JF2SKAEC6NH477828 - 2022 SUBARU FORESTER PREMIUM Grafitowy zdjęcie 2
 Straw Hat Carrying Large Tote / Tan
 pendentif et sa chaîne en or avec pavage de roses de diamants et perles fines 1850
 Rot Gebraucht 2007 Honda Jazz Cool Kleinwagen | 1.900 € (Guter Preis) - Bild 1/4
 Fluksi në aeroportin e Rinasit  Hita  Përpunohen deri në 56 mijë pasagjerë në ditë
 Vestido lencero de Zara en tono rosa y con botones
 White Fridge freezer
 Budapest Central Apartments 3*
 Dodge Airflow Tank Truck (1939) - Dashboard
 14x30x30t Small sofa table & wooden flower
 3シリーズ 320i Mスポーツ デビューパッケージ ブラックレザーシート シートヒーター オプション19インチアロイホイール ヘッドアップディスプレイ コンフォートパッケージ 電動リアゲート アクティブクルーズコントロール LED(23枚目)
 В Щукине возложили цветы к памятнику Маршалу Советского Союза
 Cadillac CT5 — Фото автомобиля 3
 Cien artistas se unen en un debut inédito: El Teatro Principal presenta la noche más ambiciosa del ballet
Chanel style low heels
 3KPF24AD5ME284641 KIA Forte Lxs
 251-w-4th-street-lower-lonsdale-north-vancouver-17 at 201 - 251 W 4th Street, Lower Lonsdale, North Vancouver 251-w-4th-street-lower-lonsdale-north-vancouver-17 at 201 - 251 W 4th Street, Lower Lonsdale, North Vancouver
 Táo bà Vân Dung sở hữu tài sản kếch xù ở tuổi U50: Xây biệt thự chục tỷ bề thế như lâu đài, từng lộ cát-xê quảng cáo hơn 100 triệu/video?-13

▬▬▬▬▬▬▬▬▬▬

WORK ITEM - Repeat the material word for word from its opening line up to and including the line containing "Vancouver 251-w-4th-street-lower-lonsdale-north-vancouver-17 at".

FINISHED EXERCISE -
JF2SKAEC6NH477828 - 2022 SUBARU FORESTER PREMIUM Grafitowy zdjęcie 2
 Straw Hat Carrying Large Tote / Tan
 pendentif et sa chaîne en or avec pavage de roses de diamants et perles fines 1850
 Rot Gebraucht 2007 Honda Jazz Cool Kleinwagen | 1.900 € (Guter Preis) - Bild 1/4
 Fluksi në aeroportin e Rinasit  Hita  Përpunohen deri në 56 mijë pasagjerë në ditë
 Vestido lencero de Zara en tono rosa y con botones
 White Fridge freezer
 Budapest Central Apartments 3*
 Dodge Airflow Tank Truck (1939) - Dashboard
 14x30x30t Small sofa table & wooden flower
 3シリーズ 320i Mスポーツ デビューパッケージ ブラックレザーシート シートヒーター オプション19インチアロイホイール ヘッドアップディスプレイ コンフォートパッケージ 電動リアゲート アクティブクルーズコントロール LED(23枚目)
 В Щукине возложили цветы к памятнику Маршалу Советского Союза
 Cadillac CT5 — Фото автомобиля 3
 Cien artistas se unen en un debut inédito: El Teatro Principal presenta la noche más ambiciosa del ballet
Chanel style low heels
 3KPF24AD5ME284641 KIA Forte Lxs
 251-w-4th-street-lower-lonsdale-north-vancouver-17 at 201 - 251 W 4th Street, Lower Lonsdale, North Vancouver 251-w-4th-street-lower-lonsdale-north-vancouver-17 at 201 - 251 W 4th Street, Lower Lonsdale, North Vancouver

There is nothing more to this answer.